It was an eventful week for the US stratosphere, which saw an unwelcome intruder, and also bade farewell to an iconic aircraft
China’s surveillance tactics, recently covered in this magazine, seem to have gone low-tech. While sci-fi-grade, AI-equipped cameras spy on the Chinese populace, Beijing sent a hot-air balloon over the Pacific, and it was spotted in US airspace last week.
The US government claims it was a spy balloon whose presence clearly violates its sovereignty, while Beijing maintains its purpose was civilian and it was sent for scientific and meteorological purposes (I have a bridge to sell you). Some US airspace was temporarily closed before it was shot down on Shabbos.
The incident has further strained already-fraught US-Chinese relations; Secretary of State Antony Blinken postponed a planned trip to Beijing in response.

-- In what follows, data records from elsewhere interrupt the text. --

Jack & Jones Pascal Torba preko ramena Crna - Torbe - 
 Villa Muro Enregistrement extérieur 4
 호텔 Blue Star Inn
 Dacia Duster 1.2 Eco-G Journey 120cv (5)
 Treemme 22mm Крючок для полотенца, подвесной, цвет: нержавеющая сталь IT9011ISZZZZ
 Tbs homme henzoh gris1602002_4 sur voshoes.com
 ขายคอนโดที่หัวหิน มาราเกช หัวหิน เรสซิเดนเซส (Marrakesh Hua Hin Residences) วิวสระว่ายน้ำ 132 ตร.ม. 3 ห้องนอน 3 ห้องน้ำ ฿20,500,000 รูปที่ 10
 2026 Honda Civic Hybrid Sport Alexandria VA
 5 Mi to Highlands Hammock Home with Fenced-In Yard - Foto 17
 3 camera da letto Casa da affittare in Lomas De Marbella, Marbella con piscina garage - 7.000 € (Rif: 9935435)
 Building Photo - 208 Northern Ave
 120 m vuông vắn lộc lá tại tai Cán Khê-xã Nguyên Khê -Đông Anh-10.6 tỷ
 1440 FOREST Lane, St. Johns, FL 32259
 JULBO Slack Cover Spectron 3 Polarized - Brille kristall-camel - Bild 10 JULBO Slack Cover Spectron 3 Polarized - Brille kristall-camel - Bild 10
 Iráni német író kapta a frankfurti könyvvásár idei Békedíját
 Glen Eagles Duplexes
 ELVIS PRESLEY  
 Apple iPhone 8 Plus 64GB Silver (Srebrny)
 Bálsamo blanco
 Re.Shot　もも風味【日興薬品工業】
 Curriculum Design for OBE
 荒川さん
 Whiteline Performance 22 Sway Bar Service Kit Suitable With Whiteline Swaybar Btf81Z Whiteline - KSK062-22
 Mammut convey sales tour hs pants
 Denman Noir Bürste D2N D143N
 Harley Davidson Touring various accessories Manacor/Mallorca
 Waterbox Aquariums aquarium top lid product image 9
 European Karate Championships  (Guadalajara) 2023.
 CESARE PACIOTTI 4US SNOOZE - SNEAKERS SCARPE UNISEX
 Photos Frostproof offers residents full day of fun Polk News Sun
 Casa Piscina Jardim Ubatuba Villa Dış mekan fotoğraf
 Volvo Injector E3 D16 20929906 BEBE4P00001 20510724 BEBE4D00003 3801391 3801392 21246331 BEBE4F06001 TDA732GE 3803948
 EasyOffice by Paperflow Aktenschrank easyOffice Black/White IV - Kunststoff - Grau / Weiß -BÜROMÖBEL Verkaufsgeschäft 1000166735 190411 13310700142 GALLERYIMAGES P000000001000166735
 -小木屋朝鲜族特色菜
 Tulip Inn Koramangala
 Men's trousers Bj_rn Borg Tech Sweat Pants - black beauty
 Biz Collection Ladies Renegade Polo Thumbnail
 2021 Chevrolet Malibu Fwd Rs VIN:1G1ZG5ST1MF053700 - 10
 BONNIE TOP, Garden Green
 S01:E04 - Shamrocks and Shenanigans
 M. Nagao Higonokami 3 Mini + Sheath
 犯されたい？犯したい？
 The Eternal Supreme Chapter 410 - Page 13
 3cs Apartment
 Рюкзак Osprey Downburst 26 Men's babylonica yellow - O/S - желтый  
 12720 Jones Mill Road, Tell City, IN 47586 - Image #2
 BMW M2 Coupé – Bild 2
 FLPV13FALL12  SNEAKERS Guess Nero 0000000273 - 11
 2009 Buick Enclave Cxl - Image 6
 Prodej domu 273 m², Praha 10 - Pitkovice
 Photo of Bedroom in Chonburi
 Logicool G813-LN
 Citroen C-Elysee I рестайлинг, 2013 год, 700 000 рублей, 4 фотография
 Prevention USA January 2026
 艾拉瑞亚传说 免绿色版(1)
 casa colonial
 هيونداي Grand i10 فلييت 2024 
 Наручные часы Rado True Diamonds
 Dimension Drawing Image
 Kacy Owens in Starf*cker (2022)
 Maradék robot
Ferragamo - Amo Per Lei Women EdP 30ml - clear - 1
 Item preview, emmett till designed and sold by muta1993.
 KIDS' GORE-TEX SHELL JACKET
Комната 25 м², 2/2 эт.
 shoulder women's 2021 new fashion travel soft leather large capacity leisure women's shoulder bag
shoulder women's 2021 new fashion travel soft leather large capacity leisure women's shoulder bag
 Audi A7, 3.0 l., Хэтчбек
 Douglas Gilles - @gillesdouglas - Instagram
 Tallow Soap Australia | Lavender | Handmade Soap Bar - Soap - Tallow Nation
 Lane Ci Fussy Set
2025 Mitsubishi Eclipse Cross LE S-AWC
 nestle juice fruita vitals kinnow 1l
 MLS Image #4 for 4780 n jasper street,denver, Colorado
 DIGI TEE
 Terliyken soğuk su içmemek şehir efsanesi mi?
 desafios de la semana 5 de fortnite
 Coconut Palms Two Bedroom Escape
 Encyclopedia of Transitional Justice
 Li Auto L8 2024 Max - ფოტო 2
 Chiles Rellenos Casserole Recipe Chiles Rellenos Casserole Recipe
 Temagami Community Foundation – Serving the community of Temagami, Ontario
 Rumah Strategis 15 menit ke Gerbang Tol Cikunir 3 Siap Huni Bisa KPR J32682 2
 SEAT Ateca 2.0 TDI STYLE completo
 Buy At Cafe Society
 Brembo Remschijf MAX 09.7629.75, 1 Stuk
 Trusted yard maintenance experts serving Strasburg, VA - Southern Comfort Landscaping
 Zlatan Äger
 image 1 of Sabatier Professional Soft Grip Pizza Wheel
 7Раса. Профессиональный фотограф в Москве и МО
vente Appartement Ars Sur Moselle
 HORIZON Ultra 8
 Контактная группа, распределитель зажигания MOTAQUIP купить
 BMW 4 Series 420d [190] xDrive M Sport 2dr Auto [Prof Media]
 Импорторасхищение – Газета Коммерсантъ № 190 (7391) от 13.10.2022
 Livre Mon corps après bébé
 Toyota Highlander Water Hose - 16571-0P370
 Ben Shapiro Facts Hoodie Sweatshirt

Though it’s unclear exactly what information China hoped to obtain through the balloon, Americans have been unnerved by the ease with which an alien craft was able to enter US airspace. With an increasingly belligerent Beijing seeking to portray the US as a declining power, perhaps this was its main objective?
This week was a momentous one for the aviation industry, which said goodbye to the Boeing 747. The 1,574th and final one rolled off the assembly line on Tuesday. Even if you’re young enough never to have flown on a 747, chances are any long-haul flight you’ve flown on was aboard an aircraft following the first jumbo jet’s lead.